Turkey Hunters: Top 3 Reasons to Shoot a Magnus Bullhead Broadhead

Archery hunters have an important question to answer when gearing up for turkeys: Should I choose broadheads designed for head/neck shots, or models designed for body shots?
Turkey Hunters: Top 3 Reasons to Shoot a Magnus Bullhead Broadhead

During the past 25 years, I’ve used both body shot and head shot styles and have killed my fair share of gobblers with each design. And every time I head into the field in pursuit of longbeards, my quiver contains arrows ready to launch both styles. That said, my go-to broadhead is the type designed for head/neck shots, and my top three reasons are as follows:

KISS Principle

Regarding my archery gear, I stand firmly on the “Keep It Simple, Stupid” side of the fence. And when it comes to figuring out where to aim on a wild turkey, things can get complicated in a hurry. Trying to decipher the location of the heart/lung area when a tom or jake is in full-strut, three-quarter strut, half strut, no strut, head-on, quartering toward or away, facing straight away, etc. is no easy task. The heart/lung area is approximately the size of your fist, so you don’t have much margin for error. To avoid this brain teaser during crunch time, a head/neck broadhead eliminates all questions. If you can see a turkey’s head or neck, you know EXACTLY where to aim. Period.

turkey Magnus Bullhead broadhead

The author (left) and his hunting buddy with two South Dakota turkeys that lost their minds thanks to Magnus Bullheads.

Fantastic Flight

Specifically, I use the 125-grain Magnus Bullhead, which is a fixed-blade design with 3.75-inch cutting diameter. Delivering this fatal package to the bird is a .300-spine, full-length Victory arrow featuring four 4-inch feather fletchings (try saying that five times fast). You can buy these products in a Bullhead Bow Kit 125, which includes two broadheads and two arrows. And get this: The broadheads have a lifetime replacement guarantee.

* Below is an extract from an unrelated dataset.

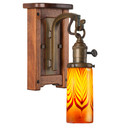  An Arts & Crafts wall sconce light fixture with a wood backplate featuring rounded corners and ebony peg accents. The lantern has a turn key socket and an aged patina finish. It has an illuminated, cylindrical blown glass shade with red feather design.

turkey Magnus Bullhead broadhead

A deadly head/neck system: 125-grain Magnus Bullheads and four-fletched Victory Arrows.

I change nothing on my compound bow for turkey season other than switching to this arrow/broadhead system. I limit my shot distance to 10 yards, and to prove that the broadhead/arrow combo flies well, I simply place an inexpensive pillow in a cardboard box and stand up the box at 10 yards. I rip off a 6-inch piece of duct tape and stick it to the center of the pillow. The vertical tape mimics a turkey’s head/neck. During practice sessions, the arrow/broadhead combo crashes into the pillow/box and then falls to the ground — lay a towel or blanket under the fall area if shooting indoors to protect the arrow. Tip: Don’t be surprised if at very close range (think 10-15 feet) that you must use your second sight pin to hit your spot. Test it so you know before aiming at a gobbler.

turkey Magnus Bullhead broadhead

There's a saying among dedicated Bullhead users: "Duck or bleed!"

Feather-Free Breast Meat

It’s a pain to pick shotgun pellets from the breast of a harvested wild turkey, and the same is true when trying to remove feathers, and possibly blood and guts, from the breast after you’ve killed a bird with a body-shooting broadhead. The amount of cleanup is largely determined by the shot angle to the bird and the type of body broadhead utilized. However, when you kill a tom or jake with a Magnus Bullhead, it’s as if you picked up that bird at the local grocery store. The breast meat is pristine. In fact, I swear that those times when a Bullhead literally takes the head off a wild turkey, that the bird bleeds out and the breast meat is even lighter colored than normal. It’s wonderful.

If turkey season is still rolling in your area, then don’t be afraid to give the Magnus Bullhead/Victory Arrow system a shot. And if your season has already ended, think about giving it a go next spring. You won’t be sorry.